What is needed :: Pick out the lines below that include the string "Unisex".

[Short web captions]
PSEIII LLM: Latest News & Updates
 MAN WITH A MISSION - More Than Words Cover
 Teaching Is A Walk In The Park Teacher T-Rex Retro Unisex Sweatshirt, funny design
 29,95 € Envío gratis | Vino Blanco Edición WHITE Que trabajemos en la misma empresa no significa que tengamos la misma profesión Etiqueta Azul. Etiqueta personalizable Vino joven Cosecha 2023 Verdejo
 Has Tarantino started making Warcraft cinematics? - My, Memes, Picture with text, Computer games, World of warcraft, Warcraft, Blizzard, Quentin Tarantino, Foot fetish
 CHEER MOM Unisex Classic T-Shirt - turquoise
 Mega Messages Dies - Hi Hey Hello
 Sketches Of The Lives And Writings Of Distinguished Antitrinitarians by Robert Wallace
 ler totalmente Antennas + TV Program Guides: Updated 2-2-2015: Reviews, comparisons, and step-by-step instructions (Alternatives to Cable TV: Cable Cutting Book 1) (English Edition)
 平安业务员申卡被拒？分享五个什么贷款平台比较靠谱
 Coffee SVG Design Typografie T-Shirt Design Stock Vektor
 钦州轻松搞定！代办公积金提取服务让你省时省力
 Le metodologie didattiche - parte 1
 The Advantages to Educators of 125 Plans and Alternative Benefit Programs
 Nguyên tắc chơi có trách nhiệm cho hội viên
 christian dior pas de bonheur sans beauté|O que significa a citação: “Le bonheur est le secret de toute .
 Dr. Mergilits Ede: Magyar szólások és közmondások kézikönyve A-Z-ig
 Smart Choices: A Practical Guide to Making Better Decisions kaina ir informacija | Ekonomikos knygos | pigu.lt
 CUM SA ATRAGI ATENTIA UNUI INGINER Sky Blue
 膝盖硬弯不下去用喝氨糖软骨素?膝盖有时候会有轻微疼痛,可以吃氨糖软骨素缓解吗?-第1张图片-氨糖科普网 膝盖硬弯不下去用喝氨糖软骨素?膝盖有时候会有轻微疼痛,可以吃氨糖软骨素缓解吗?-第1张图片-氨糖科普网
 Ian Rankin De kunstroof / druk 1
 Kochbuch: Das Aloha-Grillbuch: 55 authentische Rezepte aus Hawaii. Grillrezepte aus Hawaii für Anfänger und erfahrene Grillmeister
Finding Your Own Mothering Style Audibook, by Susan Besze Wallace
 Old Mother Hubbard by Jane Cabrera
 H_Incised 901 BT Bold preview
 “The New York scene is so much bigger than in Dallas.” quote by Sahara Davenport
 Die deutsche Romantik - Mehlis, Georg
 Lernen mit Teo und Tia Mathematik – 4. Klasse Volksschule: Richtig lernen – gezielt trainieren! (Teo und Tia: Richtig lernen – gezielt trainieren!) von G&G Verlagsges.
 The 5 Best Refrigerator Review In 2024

Problem solution ::
 Teaching Is A Walk In The Park Teacher T-Rex Retro Unisex Sweatshirt, funny design
 CHEER MOM Unisex Classic T-Shirt - turquoise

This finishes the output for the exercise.